Weight loss and metabolic effects of topiramate in overweight and obese type 2 diabetic patients: randomized double-blind placebo-controlled trial.
Ключевые слова
абстрактный
OBJECTIVE
To examine the metabolic effects and body composition changes after topiramate treatment of obese type 2 diabetic patients (DM2) for 11 months.
METHODS
Thirty-eight DM2 on diet or sulfonylurea treatment participated in this randomized double-blind placebo-controlled trial. Thirteen placebo-treated and nine topiramate-treated patients completed the trial. Patients were randomized to treatment with topiramate 96 mg b.i.d. or placebo (6-week run-in phase, 2-months titration phase, 9-months maintenance phase).
METHODS
Insulin sensitivity was measured with euglycaemic hyperinsulinemic clamps. Weight, HbA1c, fasting glucose, blood lipids and safety variables were measured at regular intervals. Body composition was determined with computerized tomography. Meal tests were performed to evaluate postprandial glucose and insulin levels.
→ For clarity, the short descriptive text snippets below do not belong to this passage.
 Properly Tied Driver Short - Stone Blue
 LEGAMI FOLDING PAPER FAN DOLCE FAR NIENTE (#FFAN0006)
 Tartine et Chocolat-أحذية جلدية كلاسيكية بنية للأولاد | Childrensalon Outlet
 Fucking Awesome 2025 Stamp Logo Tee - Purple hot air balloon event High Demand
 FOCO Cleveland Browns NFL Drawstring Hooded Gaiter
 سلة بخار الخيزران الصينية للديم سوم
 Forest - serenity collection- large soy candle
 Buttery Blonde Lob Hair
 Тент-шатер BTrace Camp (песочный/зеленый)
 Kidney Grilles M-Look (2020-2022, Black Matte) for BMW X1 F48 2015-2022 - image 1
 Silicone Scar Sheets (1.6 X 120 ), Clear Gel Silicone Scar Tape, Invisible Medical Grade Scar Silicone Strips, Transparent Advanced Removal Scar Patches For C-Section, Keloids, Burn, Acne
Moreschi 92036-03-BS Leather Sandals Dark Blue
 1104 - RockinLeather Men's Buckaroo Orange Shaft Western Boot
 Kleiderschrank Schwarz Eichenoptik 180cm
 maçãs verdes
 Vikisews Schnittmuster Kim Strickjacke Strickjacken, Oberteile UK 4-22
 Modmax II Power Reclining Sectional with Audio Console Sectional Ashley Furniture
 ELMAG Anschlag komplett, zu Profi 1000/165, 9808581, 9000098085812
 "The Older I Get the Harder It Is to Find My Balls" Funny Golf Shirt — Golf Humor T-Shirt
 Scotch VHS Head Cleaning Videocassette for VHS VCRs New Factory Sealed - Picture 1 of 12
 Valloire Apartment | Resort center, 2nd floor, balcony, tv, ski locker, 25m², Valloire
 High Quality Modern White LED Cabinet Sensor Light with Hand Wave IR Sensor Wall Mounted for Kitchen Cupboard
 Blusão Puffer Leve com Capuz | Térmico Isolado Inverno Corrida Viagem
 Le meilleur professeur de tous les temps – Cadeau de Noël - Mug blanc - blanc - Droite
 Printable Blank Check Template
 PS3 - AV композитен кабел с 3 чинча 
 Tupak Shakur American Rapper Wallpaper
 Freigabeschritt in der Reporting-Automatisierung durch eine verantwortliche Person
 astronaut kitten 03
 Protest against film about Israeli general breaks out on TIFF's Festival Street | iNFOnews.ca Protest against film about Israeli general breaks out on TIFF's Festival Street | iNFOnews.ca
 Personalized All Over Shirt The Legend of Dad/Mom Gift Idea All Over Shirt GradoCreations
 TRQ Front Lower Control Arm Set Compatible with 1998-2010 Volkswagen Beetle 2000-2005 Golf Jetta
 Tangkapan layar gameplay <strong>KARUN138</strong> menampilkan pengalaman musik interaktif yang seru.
Three-day diet recalls were carried out to evaluate energy ingestion.
RESULTS
The mean age was 58.6+/-7.1 years, body weight 98.1+/-16.1 kg, BMI 33.0+/-4.5 kg/m(2), and glycosylated hemoglobin (HbA1c) 7.3+/-0.9%. In topiramate-treated patients, there were significant reductions in HbA1c (1.1+/-0.9%), fasting plasma glucose, body weight (-6.6+/-3.3%), as well as body fat, lean body mass, postprandial glucose and free fatty acid levels but there were no significant changes in insulin sensitivity. The daily average energy intake decreased more in the topiramate group than in the placebo group. Paresthesia and central nervous system-related side effects were the main causes for the dropout rate.
CONCLUSIONS
Topiramate treatment of overweight DM2 reduced body weight and body fat, and was associated with a marked improvement in glycaemic control whereas no significant improvement in insulin-stimulated glucose uptake was demonstrated. Further studies are required to clarify whether this effect might occur through changes in insulin sensitivity in the liver and/or pancreatic insulin secretion.